Natural gas futures are plummeting again on Thursday, despite the US government reporting a larger-than-expected domestic withdrawal. Despite a strong start to 2022, the energy commodity has slumped close to 9% this week. What is driving this decline?
March natural gas futures plunged $0.195, or 5.07%, to $3.65 per million British thermal units (btu) at 18:48 GMT on Thursday on the New York Mercantile Exchange. Natural gas prices are up only 2% year-to-date.
According to the US Energy Information Administration (EIA), domestic inventories fell 206 billion cubic feet in the week ending January 14, higher than the median estimate of 194 billion cubic feet. This is also larger than last week’s drawdown of 179 billion cubic feet.
In total, US natural gas supplies stand at 2.81 trillion cubic feet, down 226 billion cubic feet from the same time a year ago.
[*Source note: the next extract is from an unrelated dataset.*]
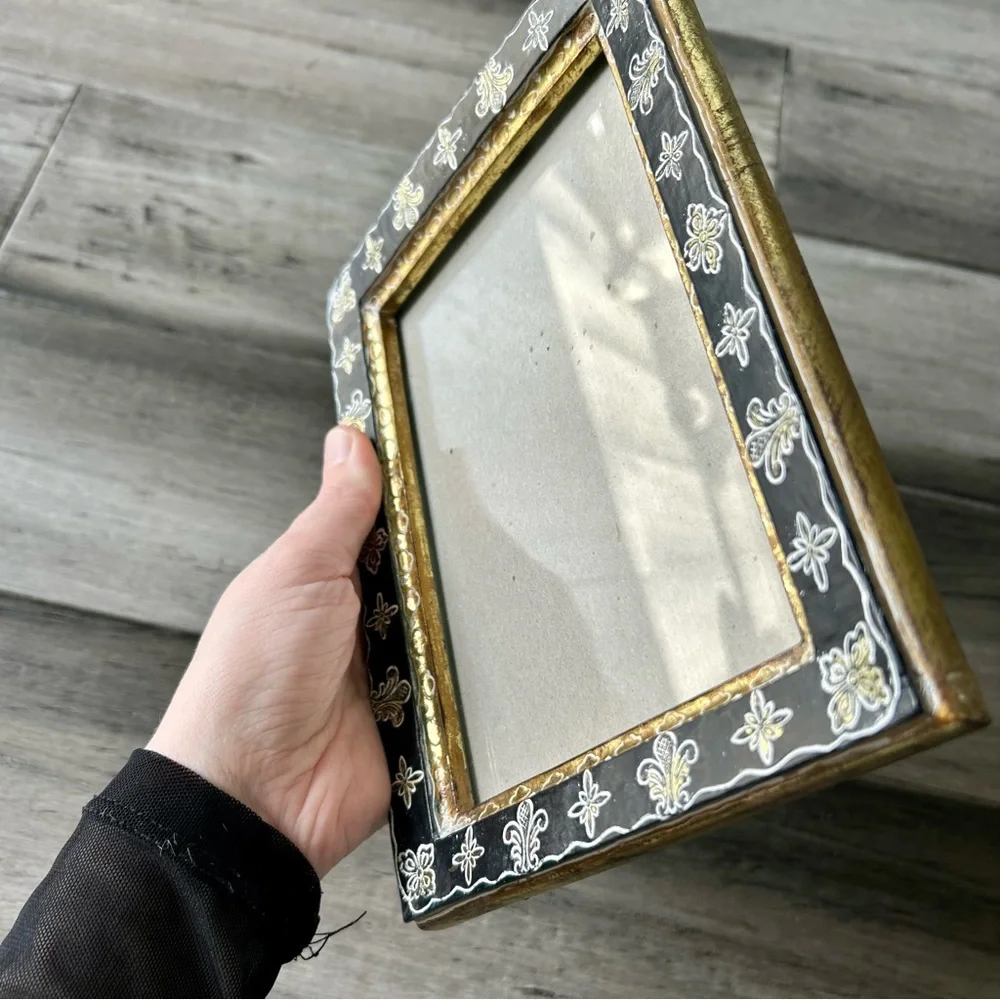 Sicura Shabby Chic French Country Fleur De Lys Picture Frame in Black - Picture 6 of 11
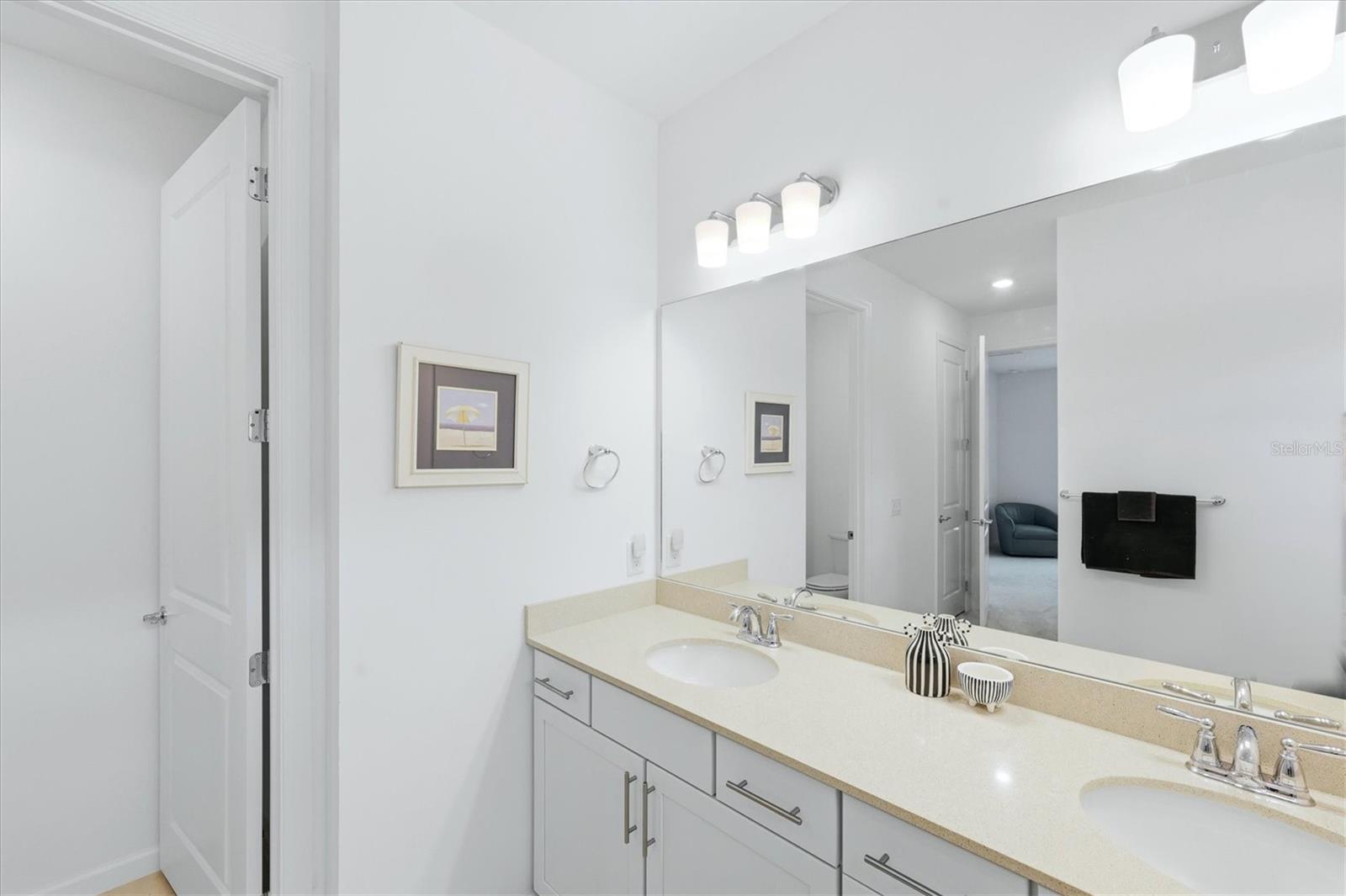 6229 Fish Eagle Ct Property Photo 45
This is also 33 billion cubic feet above the same time a year ago.
Market analysts are anticipating drawdowns of more than 200 billion cubic feet for the next several weeks, especially if the cold weather persists throughout the United States. Experts note that the sharp withdrawal was attributed to output declines due to the freeze-offs that left many outlets temporarily offline.
For now, industry observers note that there is not much justification for prices to slide any further moving forward. Unless February is warmer than what the weather models are forecasting, natural gas prices should rise higher based on the fundamentals.
“We still are on pace for the coldest January since 2014, just with less intensity, and more likely to be followed by a February warm-up,” Bespoke Weather Services said in a statement.
In other energy commodities, February West Texas Intermediate (WTI) crude oil futures tumbled $0.35, or 0.41%, to $85.45 per barrel. March Brent crude futures shed $0.21, or 0.24%, to $88.22 a barrel. February gasoline futures were flat at $2.4584 per gallon. February heating oil futures erased $0.0119, or 0.45%, to $2.6245 a gallon.